**Supplied information**.
* * *
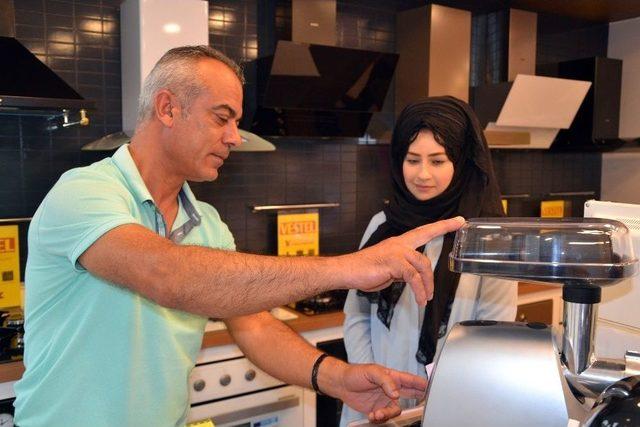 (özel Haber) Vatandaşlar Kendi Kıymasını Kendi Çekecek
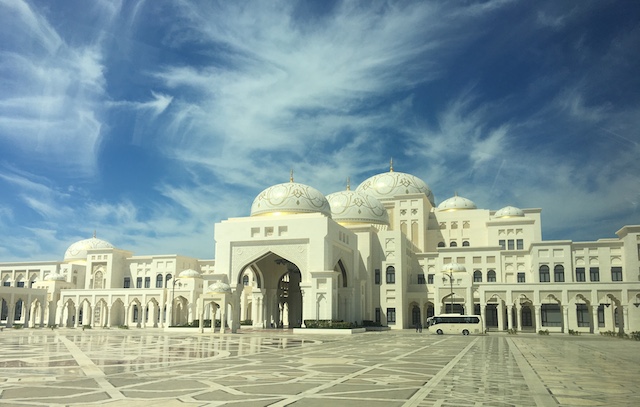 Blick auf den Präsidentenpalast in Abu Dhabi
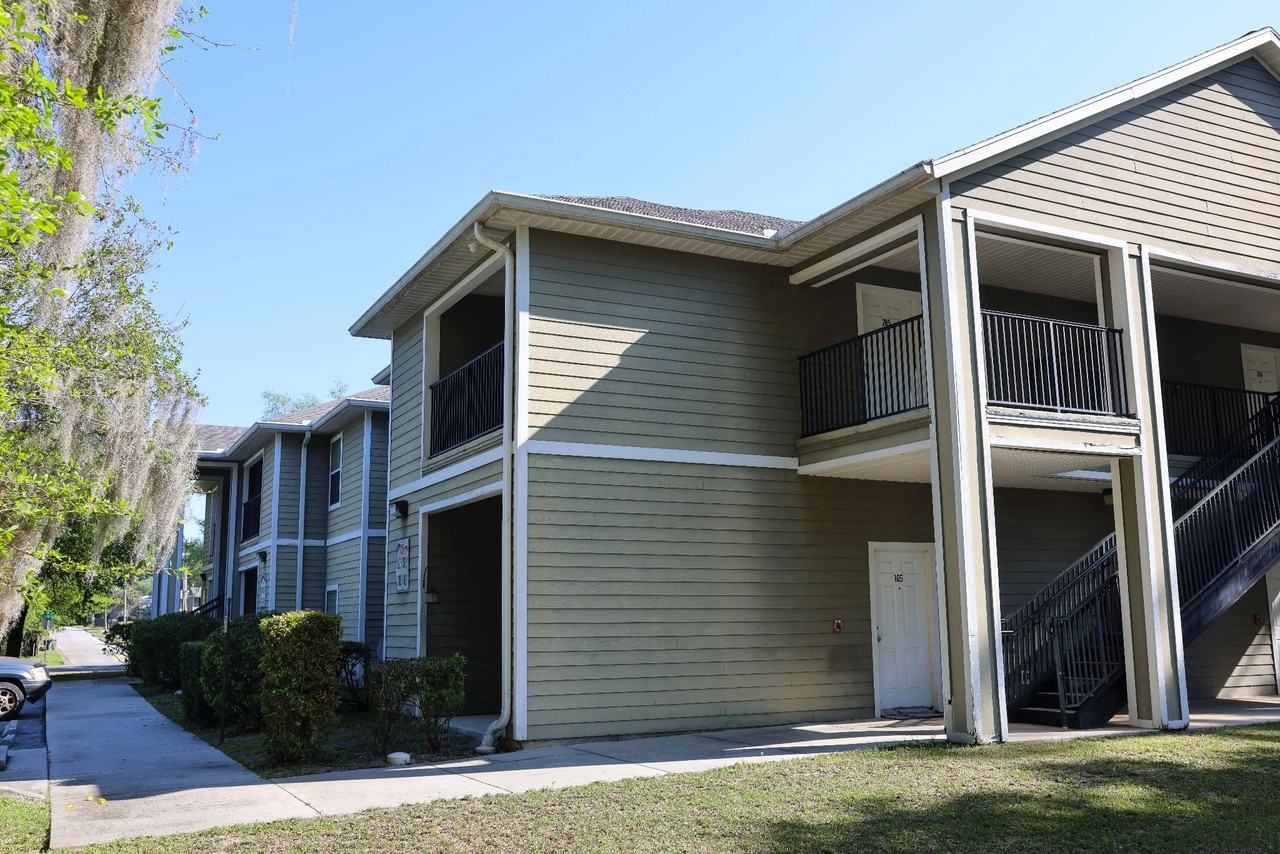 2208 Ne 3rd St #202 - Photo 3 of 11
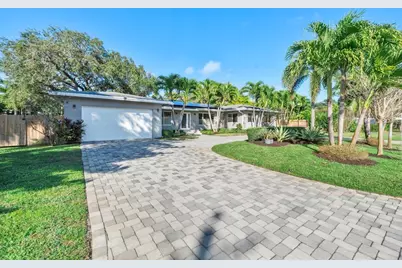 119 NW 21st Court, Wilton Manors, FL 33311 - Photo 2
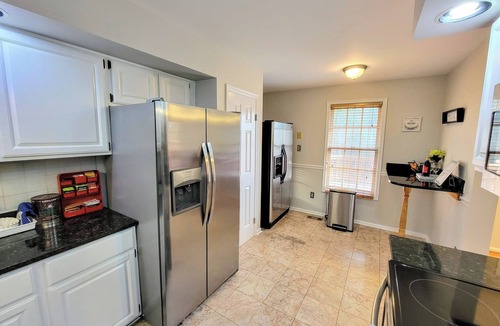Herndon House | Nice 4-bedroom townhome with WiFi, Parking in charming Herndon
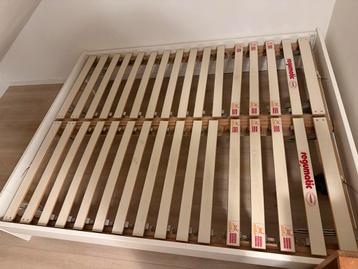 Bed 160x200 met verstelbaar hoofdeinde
* * *
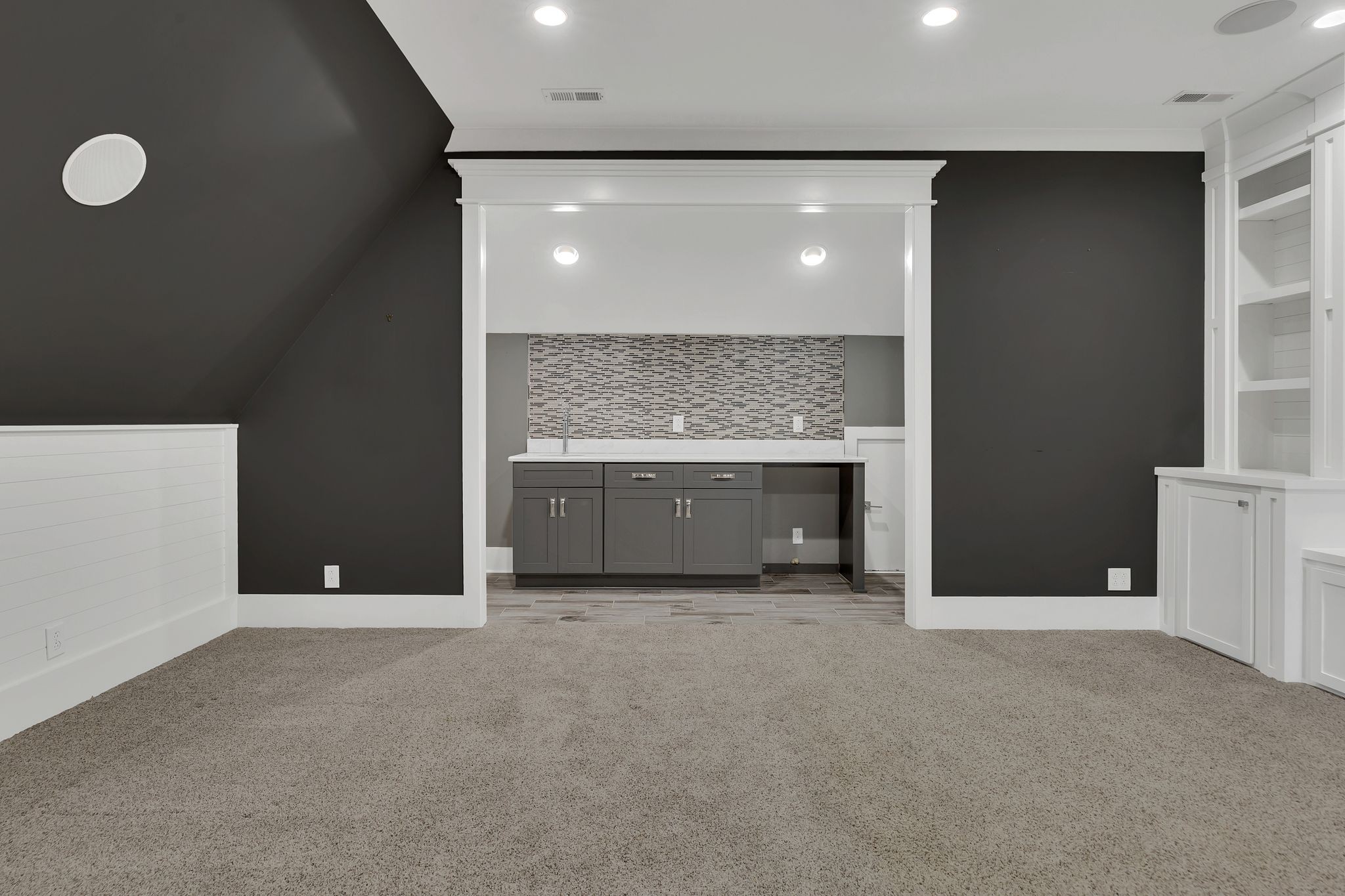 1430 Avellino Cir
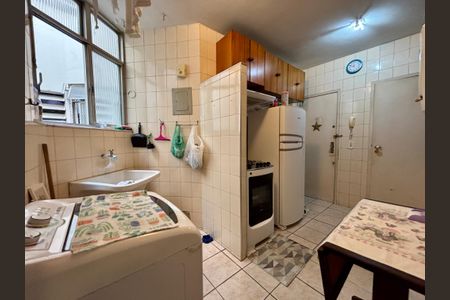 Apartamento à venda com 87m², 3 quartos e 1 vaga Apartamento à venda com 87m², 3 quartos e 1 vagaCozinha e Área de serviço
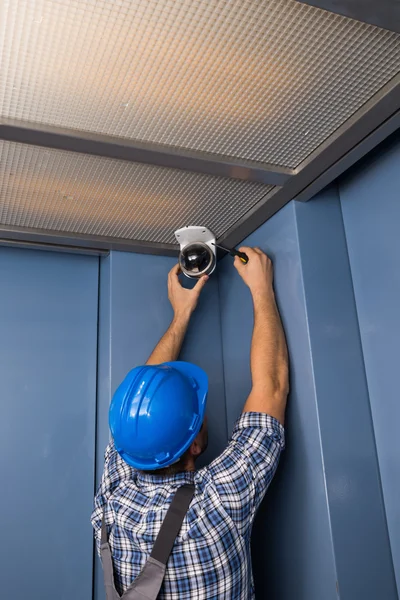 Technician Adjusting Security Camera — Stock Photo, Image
* * *
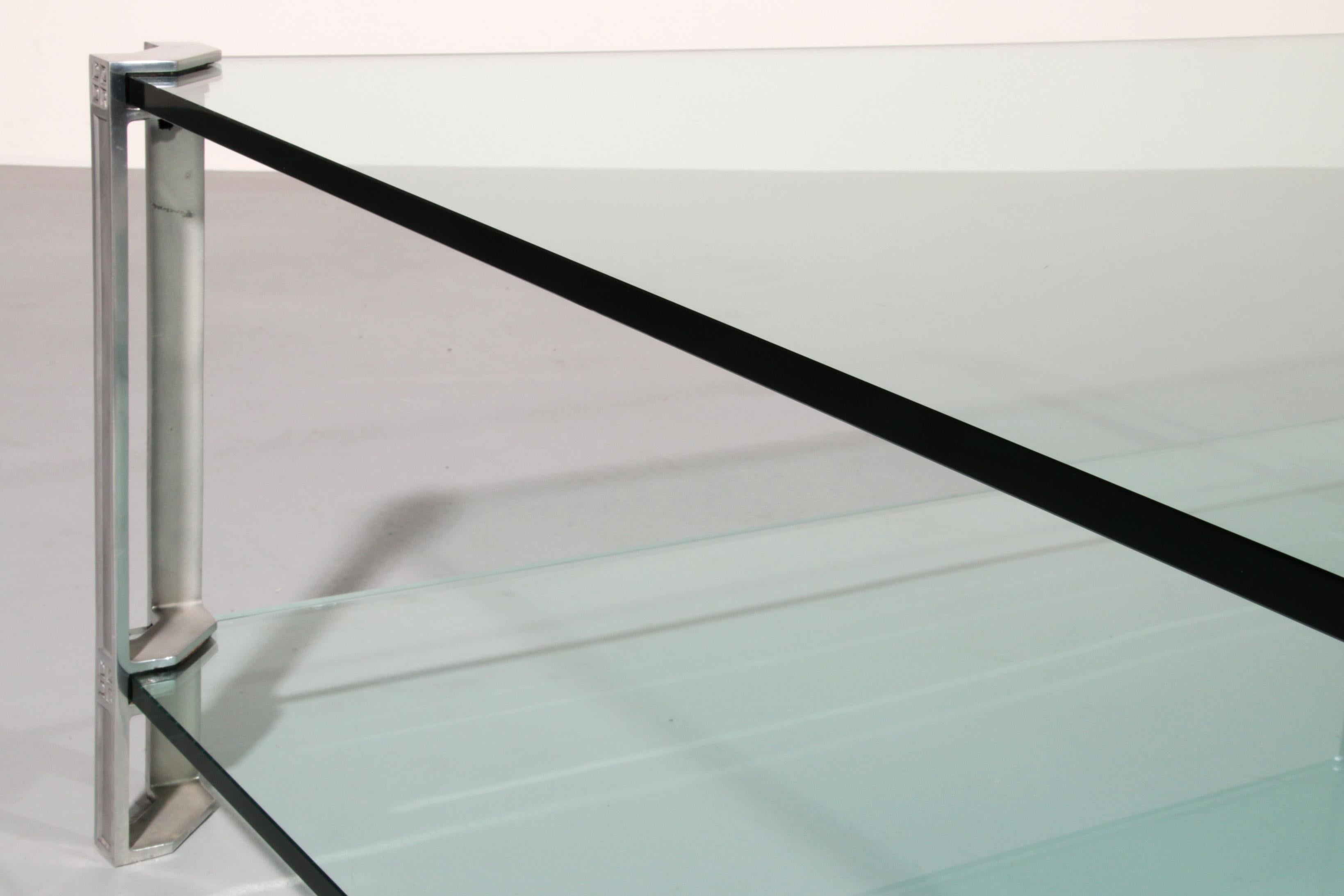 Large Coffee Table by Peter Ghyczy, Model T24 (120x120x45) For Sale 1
* * *
**Task to carry out**. Only the lines above from the one with "119 NW 21st" to the one with "Bed 160x200 met verstelbaar hoofdeinde" should be printed, both included and exactly as written; no picture belongs in the copy.

**Result**.
 119 NW 21st Court, Wilton Manors, FL 33311 - Photo 2
Herndon House | Nice 4-bedroom townhome with WiFi, Parking in charming Herndon
 Bed 160x200 met verstelbaar hoofdeinde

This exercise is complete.